Robert Eitner (22October 18322February 1905) was a German musicologist, researcher and bibliographer.

Life
Robert Eitner was born and grew up in Breslau, the rapidly industrialising administrative capital of Silesia.   He attended the St. Elisabeth Gymnasium (secondary school) in the city before moving on to study at the university where for five years he was taught by the organist-composer Moritz Brosig.   Sources nevertheless stress that in many respects Eitner was self-taught.

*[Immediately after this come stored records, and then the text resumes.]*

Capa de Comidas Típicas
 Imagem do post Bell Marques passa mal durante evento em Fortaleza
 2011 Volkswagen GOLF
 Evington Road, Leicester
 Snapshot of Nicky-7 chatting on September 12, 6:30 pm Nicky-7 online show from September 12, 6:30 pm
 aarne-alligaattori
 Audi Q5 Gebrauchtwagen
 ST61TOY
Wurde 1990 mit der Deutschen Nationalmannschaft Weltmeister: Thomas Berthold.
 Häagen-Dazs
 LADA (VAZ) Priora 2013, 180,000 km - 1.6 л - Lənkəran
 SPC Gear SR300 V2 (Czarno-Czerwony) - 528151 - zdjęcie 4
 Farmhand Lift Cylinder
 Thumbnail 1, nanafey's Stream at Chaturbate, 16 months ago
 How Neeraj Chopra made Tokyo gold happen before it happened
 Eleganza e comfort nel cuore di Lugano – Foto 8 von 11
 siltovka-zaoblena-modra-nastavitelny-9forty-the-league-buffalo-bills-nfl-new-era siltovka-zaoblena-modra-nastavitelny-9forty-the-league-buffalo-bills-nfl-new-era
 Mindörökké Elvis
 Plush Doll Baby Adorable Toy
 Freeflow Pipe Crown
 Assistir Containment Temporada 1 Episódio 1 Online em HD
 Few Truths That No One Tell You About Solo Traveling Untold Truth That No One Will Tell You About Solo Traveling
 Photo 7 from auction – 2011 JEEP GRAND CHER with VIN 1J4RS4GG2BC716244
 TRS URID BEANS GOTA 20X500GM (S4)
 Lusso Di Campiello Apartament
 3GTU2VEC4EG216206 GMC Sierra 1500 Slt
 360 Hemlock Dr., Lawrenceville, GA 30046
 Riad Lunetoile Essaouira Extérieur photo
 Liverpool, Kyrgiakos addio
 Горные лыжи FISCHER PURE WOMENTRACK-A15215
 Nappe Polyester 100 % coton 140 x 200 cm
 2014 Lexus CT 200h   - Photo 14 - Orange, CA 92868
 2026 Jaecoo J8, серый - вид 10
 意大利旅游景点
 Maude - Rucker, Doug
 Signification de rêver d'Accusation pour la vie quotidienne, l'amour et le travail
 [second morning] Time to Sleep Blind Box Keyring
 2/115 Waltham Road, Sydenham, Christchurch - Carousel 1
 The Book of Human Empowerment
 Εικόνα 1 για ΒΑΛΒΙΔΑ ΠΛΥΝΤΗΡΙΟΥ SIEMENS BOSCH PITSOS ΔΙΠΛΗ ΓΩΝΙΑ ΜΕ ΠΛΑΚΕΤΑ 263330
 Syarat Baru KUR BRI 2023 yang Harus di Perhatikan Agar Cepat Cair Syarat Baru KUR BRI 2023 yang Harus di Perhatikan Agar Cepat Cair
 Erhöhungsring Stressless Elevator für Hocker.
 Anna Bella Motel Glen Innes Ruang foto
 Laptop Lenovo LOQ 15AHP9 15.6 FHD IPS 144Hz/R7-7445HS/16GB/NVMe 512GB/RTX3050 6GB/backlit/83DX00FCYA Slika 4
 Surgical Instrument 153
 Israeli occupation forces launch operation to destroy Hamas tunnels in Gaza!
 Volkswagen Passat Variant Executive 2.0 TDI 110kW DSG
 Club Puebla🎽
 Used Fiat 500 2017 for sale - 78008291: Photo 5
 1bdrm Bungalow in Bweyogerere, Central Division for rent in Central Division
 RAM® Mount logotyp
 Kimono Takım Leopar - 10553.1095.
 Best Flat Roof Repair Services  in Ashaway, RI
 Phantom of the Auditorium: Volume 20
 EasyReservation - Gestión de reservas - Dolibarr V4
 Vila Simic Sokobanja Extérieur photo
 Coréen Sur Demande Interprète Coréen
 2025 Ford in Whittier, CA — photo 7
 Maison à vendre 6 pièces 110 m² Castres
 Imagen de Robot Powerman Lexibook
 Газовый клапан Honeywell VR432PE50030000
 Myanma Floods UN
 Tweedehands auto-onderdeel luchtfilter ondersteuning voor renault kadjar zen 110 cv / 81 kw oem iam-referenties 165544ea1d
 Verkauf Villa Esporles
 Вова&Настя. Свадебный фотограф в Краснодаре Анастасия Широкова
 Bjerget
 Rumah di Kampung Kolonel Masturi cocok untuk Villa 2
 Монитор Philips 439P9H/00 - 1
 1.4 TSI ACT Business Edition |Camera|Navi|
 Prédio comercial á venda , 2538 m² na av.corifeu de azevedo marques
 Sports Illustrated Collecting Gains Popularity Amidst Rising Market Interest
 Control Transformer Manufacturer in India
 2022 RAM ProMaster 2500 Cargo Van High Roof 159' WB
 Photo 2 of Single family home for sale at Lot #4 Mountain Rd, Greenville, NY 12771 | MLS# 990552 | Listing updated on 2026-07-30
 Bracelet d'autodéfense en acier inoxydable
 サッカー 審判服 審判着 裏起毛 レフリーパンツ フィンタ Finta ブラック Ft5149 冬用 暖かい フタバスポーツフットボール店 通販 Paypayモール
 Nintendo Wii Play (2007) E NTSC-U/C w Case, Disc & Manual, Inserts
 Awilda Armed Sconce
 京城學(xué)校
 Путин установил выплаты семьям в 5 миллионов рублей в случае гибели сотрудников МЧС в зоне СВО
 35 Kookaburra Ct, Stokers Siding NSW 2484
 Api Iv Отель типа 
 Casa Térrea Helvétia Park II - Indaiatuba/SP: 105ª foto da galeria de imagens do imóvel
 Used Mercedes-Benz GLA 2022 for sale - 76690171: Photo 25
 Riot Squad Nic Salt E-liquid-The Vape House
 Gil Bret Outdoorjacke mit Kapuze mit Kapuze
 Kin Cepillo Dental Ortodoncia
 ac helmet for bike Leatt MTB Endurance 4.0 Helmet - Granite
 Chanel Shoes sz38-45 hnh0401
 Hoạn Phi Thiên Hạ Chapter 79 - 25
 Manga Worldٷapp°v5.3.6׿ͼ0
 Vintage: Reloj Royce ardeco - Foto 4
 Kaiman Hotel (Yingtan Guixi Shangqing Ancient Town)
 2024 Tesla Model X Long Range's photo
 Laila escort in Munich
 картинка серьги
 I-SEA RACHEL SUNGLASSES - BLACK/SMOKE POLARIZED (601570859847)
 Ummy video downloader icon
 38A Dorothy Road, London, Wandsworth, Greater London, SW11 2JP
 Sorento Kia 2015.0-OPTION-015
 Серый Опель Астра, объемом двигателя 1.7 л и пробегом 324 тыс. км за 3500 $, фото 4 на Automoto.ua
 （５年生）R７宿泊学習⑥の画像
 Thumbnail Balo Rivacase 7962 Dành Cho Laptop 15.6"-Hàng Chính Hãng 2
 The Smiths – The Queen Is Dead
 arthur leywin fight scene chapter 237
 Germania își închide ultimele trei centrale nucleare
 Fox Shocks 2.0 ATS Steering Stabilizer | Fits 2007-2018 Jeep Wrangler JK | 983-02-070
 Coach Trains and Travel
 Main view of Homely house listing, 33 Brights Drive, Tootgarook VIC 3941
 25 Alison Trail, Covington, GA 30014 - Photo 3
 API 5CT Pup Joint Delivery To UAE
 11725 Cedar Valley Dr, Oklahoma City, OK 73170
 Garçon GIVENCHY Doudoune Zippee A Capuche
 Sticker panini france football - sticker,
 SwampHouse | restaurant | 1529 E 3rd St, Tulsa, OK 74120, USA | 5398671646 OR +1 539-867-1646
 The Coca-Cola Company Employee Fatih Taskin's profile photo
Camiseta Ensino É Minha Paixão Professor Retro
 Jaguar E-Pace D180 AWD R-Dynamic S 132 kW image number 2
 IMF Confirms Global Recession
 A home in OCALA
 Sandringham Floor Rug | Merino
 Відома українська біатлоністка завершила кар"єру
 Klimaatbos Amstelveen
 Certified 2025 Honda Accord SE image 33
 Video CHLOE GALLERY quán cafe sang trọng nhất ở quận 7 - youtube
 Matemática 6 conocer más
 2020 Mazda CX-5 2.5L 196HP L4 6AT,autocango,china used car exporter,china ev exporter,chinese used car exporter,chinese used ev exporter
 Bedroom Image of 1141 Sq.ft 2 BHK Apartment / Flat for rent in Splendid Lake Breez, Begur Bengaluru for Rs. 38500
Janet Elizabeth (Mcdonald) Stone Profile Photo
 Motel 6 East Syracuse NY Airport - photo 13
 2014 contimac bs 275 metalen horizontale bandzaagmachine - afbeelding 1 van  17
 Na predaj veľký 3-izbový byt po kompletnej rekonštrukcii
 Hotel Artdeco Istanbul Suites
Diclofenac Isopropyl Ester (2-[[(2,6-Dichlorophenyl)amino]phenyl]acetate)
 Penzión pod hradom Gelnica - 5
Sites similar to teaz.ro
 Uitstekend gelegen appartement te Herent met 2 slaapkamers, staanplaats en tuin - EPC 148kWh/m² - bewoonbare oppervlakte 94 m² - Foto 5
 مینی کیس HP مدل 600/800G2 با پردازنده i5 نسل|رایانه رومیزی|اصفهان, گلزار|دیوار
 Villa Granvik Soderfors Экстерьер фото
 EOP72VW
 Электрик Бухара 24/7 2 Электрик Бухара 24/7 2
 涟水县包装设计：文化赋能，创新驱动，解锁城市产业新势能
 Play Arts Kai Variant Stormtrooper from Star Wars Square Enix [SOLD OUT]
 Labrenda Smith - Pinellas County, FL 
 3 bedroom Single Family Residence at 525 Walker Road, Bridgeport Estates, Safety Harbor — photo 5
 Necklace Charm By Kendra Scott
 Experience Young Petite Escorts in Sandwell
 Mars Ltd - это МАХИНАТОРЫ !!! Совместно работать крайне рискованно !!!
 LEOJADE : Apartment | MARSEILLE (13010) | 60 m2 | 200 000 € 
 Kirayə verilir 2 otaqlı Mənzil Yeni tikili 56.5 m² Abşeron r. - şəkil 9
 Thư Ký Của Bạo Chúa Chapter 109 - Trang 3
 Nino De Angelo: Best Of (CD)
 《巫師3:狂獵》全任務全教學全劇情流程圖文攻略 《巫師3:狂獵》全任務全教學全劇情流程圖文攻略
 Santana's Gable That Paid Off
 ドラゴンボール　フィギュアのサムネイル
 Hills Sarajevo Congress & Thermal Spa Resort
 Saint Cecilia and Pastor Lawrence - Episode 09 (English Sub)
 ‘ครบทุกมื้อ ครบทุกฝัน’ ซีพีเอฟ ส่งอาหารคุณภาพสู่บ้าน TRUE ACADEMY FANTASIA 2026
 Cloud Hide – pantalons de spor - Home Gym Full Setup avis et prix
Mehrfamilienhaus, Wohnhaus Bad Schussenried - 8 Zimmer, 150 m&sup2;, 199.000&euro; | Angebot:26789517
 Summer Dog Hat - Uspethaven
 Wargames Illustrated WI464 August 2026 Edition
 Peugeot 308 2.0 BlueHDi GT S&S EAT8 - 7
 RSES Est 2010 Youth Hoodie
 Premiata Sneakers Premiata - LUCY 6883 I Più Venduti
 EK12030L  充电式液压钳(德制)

In 1853 he moved to Berlin, becoming a music teacher. A succession of piano compositions and songs followed. In 1863 he opened his own music school, but by now he was increasingly diverting his attention away from teaching and towards music research and writing. In 1867 he produced a "Lexicon of Dutch Composers" which won a prize from the Amsterdam "Society for the promotion of Music", although in the end it was never published.

In 1868 Eitner headed up the establishment in Berlin of the "Society of Music Research" (Gesellschaft für Musikforschung), becoming secretary to the association and editor of its monthly magazine, Monatshefte für Musik-Geschichte, launched in 1869.   Another series of publications from the association was the 29-volume set entitled Publikation älterer praktischer und theoretischer Musikwerke, although it appears that this was never published in its entirety.   There was also a succession of bibliographical works, which reflected Eitner's own enthusiasm for compositions from the sixteenth and seventeenth centuries.   In addition, there was a ten-volume reference compendium entitled Biographisch-Bibliographisches Quellen-Lexikon der Musiker und Musikgelehrten der christlichen Zeitrechnung bis zur Mitte des neunzehnten Jahrhunderts, published between 1900 and 1904 in Leipzig, which set out the locations of both printed and manuscript works by early composers and musicologists, and which in the end was sufficiently valued as a research tool to be available in more than 200 major libraries in Europe.

Another of Eitner's literary contributions involved the 399 biographical articles he contributed to the Allgemeine Deutsche Biographie, almost all of which were concerned with musicians.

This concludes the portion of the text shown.